3. Sevr Antlaşması Neden Geçersiz Sayıldı?
- Milli Meclis Onayı Eksikliği: Sevr Antlaşması, Osmanlı Hükümeti tarafından imzalanmış olsa da, dönemin anayasası olan Kanun-i Esasi'ye göre bir antlaşmanın yürürlüğe girebilmesi için Meclis-i Mebusan (veya Milli Meclis/TBMM) tarafından onaylanması gerekiyordu. Ancak Sevr Antlaşması, Türk milletinin temsilcisi olan Türkiye Büyük Millet Meclisi (TBMM) tarafından hiçbir zaman onaylanmamıştır.

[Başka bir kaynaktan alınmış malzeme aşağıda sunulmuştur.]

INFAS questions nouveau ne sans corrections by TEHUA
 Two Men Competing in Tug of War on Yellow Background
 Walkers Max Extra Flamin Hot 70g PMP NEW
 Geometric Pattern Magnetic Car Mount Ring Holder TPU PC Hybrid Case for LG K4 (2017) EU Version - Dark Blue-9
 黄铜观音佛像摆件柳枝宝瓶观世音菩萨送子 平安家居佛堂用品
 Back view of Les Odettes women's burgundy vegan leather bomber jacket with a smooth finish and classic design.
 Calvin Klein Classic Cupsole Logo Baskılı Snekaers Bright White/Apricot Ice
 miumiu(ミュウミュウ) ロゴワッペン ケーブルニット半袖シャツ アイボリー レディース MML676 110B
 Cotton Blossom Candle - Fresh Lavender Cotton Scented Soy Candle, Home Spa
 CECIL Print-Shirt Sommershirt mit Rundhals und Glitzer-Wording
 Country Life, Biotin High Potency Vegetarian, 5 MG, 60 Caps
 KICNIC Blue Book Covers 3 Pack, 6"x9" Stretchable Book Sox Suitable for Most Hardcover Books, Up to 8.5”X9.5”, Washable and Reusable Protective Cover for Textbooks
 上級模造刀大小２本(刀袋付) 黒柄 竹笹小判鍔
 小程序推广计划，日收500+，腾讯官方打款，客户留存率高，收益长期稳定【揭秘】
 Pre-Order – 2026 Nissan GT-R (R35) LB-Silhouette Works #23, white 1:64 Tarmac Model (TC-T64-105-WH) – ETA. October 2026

- Hukuki Geçersizlik: TBMM'nin onayı olmadığı için Sevr Antlaşması, uluslararası hukuk açısından "ölü doğmuş" bir antlaşma olarak kabul edilir ve hiçbir zaman yürürlüğe girmemiştir.
⚠️ Dikkat: Sevr Antlaşması'nın hukuken geçersiz olmasının temel nedeni, Milli Meclis (TBMM) tarafından onaylanmamasıdır. Bu durum, onu I. Dünya Savaşı sonrası imzalanan diğer barış antlaşmalarından ayıran en önemli özelliktir.
4. Türk Milletinin ve Mustafa Kemal'in Sevr'e Tepkisi
- Milli Mücadele Ruhu: Türk milleti, Sevr Antlaşması'nın ağır ve bağımsızlığa aykırı şartlarına karşı büyük bir tepki göstermiştir. Bu antlaşma, Türk milletini karamsarlığa sürüklemek yerine, tam tersine bağımsızlık azmini daha da artırmıştır. "Ya istiklal ya ölüm!" parolasıyla yürütülen Milli Mücadele, bu antlaşmaya karşı bir direnişin sembolü olmuştur.
- Teslimiyetçi Olmama: Türk milleti, Sevr'in dayattığı teslimiyetçi tutumu reddetmiş, vatanseverlik ve bağımsızlık ruhuyla topyekûn bir direniş başlatmıştır.
- Mustafa Kemal'in Duruşu: Mustafa Kemal Atatürk, Sevr Antlaşması'nı "siyasi, adli ve mali istiklalimizi yok etmeye ve sonuç olarak yaşama hakkımızı inkâra ve ortadan kaldırmaya yönelik" olarak değerlendirmiş ve asla kabul edilemez olduğunu vurgulamıştır. O'na göre Sevr, bağımsız devlet anlayışına tamamen tersti ve Türk milletine yaşama hakkı tanımıyordu.
- İtilaf Devletleri'nin Baskısı: İtilaf Devletleri, antlaşmanın imzalanmasını hızlandırmak ve Osmanlı Hükümeti'ni zorlamak için askeri yöntemlere başvurmuş, Yunan kuvvetlerini Anadolu'ya saldırması için teşvik etmiştir.
💡 İpucu: Mustafa Kemal'in Sevr'e yönelik sözleri, antlaşmanın sadece toprak kaybı değil, aynı zamanda siyasi, hukuki ve ekonomik bağımsızlığı tamamen ortadan kaldırma amacı taşıdığını gösterir. Bu sözler, onun tam bağımsızlık ilkesine verdiği önemi de vurgular.
5. Sevr'in Sonucu ve Lozan Antlaşması'na Giden Yol
- Sevr Antlaşması, Milli Mücadele'nin başarıya ulaşması ve Türkiye Büyük Millet Meclisi Hükümeti'nin kazandığı askeri zaferler sayesinde hiçbir zaman uygulanamamıştır.
- Türk milleti, Sevr'i yırtıp atmış ve yerine tam bağımsızlık esasına dayanan Lozan Barış Antlaşması'nı imzalamıştır. Lozan, Sevr'in tam tersi bir ruhla, eşitlik ve bağımsızlık ilkeleri temelinde imzalanan bir zafer antlaşmasıdır.
Bu ders notu, Sevr Antlaşması'nın karmaşık yapısını anlamanıza ve LGS'de bu konuda çıkabilecek sorulara daha bilinçli yaklaşmanıza yardımcı olacaktır. Unutmayın, tarih sadece olayları ezberlemek değil, aynı zamanda neden-sonuç ilişkilerini kurmak ve olayların günümüze etkilerini yorumlamaktır. Başarılar dilerim!